Kentucky, like most Southern states in the US, touts a “business friendly” legal and political environment for corporations, with ample tax loopholes and “incentives,” a low business tax rate, and underfunded regulatory agencies, along with an impoverished and underemployed workforce. This state of affairs has been cultivated over the past several decades to entice corporations pulling up stakes in Midwestern states, where wages and benefits are historically higher, to relocate to the South. One product of this shift has been the creation of an industrial workforce in the South that is largely non-union, temporary, deprived of benefits, and exposed to all manner of hazardous conditions.
Just two days after the Rubbertown explosion, a leak of anhydrous ammonia forced 1,000 workers to evacuate the JBS Swift meatpacking plant in Butchertown, near Louisville’s downtown. The vapor, which is used in refrigeration of meat at the plant, causes chemical burns to the skin and lungs. One worker, whose name was not released, was sent to the hospital with eye injuries, and other workers complained of headaches. Residents within a mile-radius of the plant were told to stay indoors and avoid using heating units because of the fumes. Two years ago, a leak of anhydrous ammonia at American Cold Storage, another Butchertown facility, killed two workers and injured several others.
The two Louisville incidents last week are the latest in a series of industrial accidents in the state. On March 2, an explosion at Premium Air Systems in downtown Burkesville, Kentucky, seriously injured a worker. Michael Bowen, 31, was cutting the top from a 55-gallon drum when fumes inside ignited and blew the metal drum into his face. Bowen is listed in critical condition with head trauma.
On November 23, 2010, one worker was killed and another four were injured when a large tire exploded at Harsco Metals in Gallatin County.

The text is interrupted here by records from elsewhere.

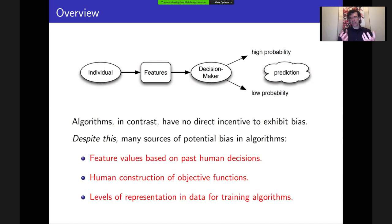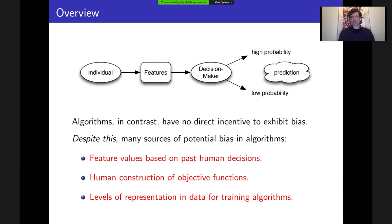Despite this, there are many sources of potential bias in algorithms. One basic reason is that when we convert an individual to a set of features, some of those feature values might be based on past human decisions. For example, if we were building an algorithm to make funding decisions and one of the features was past competence scores assigned by evaluators, we saw that those scores already reflected implicit gender bias. As a result, the feature will include that bias. Similarly, humans construct the objective functions the algorithm is trying to optimize, and the algorithm can simply learn to mimic biased human evaluations.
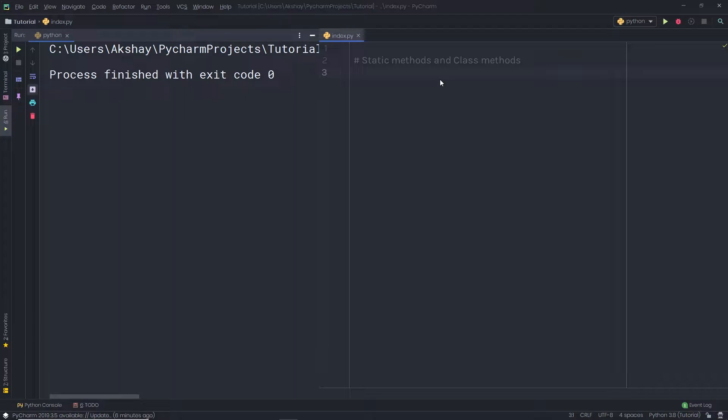In the previous lecture, you learned how the super method is useful to access the class instance. In this lecture, we are going to understand what Python static methods and class methods are. This is also a very important topic in Python.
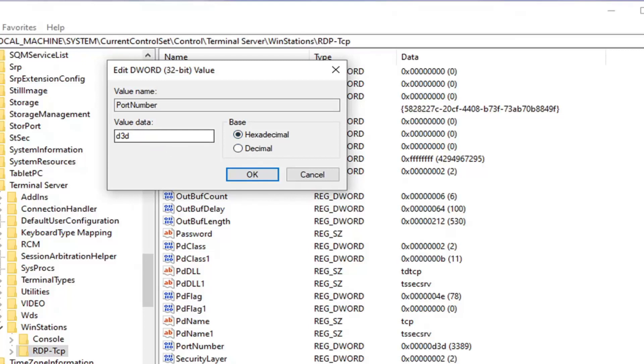You can see this is 3389, but if you kept it as hexadecimal, you get some weird value in here. So I would recommend it's a little bit easier to decipher when it's set to decimal view here. So set it to decimal and then change the value data.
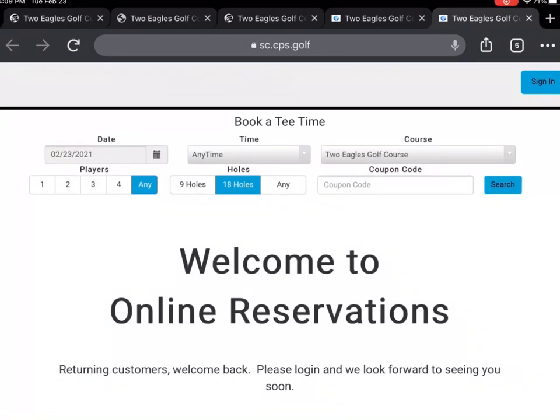This will take you to your new online reservation homepage. Before booking a tee time, please select the blue button labeled sign in.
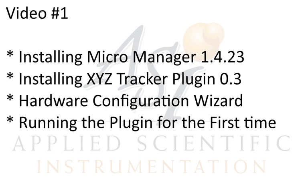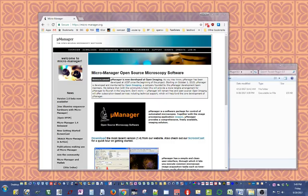Hello everyone, welcome to the videos related to ASI's XYZ tracker plugin. This is video one, and in this video I hope to walk you through installing MicroManager, installing the XYZ tracker plugin itself, running through a hardware configuration wizard of MicroManager, and a few other tasks that might help you running the plugin.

On October 29, three men working as contractors at the Tennessee Valley Authority power plant in Muhlenberg County were seriously burned when a build-up of fly ash they were cleaning burst into flame. On September 24, four workers were seriously burned in an explosion at Kingsford Charcoal Plant in the southern Kentucky town of Burnside.
On May 10, a worker at the Louisville Metro Jeffboat shipbuilding plant was killed in a fall. Robert Harrison, who had worked at the facility for 18 years, was killed after falling 20 feet from a walkway. Just two days later, another long-time worker at the facility died as the result of a similar fall.